- **EXERCISE OBJECTIVE**: The word "home": say how many lines of the data below contain it, and give the number alone.

- **DATA**:
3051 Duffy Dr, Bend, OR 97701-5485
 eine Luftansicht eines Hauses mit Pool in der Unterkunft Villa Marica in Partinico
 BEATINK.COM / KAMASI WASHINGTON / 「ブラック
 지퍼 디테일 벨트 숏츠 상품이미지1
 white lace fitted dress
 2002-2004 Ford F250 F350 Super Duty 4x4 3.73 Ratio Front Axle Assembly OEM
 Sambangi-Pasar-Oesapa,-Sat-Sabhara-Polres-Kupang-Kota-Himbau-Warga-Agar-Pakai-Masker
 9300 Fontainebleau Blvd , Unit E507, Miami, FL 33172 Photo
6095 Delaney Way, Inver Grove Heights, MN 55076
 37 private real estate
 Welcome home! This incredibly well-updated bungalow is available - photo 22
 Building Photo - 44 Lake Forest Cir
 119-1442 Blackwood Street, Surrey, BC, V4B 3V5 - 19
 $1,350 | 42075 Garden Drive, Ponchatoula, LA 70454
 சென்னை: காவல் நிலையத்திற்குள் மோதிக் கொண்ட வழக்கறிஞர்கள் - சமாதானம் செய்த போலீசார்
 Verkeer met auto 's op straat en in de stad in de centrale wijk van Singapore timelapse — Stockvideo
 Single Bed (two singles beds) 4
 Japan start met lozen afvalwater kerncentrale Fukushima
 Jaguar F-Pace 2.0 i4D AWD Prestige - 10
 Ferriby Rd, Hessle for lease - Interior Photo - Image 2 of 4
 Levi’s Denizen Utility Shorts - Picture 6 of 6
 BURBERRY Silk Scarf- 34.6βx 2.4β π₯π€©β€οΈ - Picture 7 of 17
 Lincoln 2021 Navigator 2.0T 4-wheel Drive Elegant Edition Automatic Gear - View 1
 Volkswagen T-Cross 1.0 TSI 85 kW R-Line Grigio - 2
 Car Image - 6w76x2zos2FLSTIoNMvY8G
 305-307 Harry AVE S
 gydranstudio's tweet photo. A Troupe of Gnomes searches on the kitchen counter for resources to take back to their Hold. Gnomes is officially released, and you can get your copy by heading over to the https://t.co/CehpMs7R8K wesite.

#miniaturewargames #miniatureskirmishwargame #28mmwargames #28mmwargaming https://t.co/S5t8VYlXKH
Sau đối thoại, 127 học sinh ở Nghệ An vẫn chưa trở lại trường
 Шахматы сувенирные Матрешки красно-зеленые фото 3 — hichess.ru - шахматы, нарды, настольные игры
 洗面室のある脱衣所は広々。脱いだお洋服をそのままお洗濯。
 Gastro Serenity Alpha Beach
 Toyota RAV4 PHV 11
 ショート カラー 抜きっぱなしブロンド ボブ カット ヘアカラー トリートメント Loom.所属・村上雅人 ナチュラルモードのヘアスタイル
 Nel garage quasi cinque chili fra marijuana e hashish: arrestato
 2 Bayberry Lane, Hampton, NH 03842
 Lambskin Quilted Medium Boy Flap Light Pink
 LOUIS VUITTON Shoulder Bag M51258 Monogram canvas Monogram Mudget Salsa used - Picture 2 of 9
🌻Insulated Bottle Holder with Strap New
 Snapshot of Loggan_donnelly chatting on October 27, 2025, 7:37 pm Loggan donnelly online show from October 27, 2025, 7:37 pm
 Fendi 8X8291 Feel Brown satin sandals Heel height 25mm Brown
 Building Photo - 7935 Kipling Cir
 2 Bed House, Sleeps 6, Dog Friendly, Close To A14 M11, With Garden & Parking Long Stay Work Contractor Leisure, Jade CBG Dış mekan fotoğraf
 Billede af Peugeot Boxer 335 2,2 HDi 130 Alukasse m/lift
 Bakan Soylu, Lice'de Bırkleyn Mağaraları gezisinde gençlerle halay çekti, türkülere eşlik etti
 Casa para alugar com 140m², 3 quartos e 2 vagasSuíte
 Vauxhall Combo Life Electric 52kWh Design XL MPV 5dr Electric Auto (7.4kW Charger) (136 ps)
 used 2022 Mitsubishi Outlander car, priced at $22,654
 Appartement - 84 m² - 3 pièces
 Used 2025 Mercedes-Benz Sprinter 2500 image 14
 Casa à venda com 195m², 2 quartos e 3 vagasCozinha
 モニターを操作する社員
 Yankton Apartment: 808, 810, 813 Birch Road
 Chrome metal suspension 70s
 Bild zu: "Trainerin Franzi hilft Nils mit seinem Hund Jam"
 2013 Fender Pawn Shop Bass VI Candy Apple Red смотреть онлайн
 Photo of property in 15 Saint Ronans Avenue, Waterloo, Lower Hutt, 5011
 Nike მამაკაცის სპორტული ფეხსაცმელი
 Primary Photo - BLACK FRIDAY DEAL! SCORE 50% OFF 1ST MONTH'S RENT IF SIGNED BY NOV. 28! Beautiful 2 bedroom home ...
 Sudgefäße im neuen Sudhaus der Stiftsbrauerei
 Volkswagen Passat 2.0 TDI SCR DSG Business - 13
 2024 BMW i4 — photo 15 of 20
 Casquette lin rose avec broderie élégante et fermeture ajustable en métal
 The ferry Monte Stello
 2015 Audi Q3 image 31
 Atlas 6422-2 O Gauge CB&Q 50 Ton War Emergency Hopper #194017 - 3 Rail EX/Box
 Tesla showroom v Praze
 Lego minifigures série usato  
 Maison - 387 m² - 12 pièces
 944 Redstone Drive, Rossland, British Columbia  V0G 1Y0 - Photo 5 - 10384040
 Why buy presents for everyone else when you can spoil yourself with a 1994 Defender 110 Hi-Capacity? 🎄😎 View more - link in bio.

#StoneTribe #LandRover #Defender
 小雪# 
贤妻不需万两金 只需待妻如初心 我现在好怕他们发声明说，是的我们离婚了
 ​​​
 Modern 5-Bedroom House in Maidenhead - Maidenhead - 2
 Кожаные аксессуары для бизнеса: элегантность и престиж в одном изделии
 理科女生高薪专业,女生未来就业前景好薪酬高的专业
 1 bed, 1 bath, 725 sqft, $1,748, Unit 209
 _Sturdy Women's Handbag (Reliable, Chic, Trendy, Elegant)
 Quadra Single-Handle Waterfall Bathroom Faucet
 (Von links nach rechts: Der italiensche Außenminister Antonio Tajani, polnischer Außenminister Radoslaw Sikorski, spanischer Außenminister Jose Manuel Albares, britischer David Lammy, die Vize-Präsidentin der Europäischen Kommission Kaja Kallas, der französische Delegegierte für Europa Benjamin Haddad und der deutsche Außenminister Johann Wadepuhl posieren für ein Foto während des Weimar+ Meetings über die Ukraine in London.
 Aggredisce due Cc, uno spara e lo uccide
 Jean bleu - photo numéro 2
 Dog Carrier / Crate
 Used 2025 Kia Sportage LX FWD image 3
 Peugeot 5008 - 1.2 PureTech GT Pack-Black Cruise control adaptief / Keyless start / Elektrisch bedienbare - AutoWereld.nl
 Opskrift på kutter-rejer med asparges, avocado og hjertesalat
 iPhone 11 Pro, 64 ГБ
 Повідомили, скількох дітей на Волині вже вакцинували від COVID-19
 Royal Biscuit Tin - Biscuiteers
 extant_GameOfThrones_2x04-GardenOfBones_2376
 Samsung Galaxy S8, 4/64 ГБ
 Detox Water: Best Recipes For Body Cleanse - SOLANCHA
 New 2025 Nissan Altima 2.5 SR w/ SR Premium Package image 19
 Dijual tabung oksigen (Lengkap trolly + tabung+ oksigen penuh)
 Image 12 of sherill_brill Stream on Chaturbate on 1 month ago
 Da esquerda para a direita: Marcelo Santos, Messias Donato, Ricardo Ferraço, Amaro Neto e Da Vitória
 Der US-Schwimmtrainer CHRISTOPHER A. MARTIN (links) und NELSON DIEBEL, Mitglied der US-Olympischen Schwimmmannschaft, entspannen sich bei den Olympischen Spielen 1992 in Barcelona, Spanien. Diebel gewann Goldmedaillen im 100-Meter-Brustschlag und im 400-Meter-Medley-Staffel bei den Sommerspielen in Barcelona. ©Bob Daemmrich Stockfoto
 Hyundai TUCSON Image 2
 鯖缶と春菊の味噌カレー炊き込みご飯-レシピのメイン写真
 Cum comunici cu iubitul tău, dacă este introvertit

- **FINISHED EXERCISE**: 2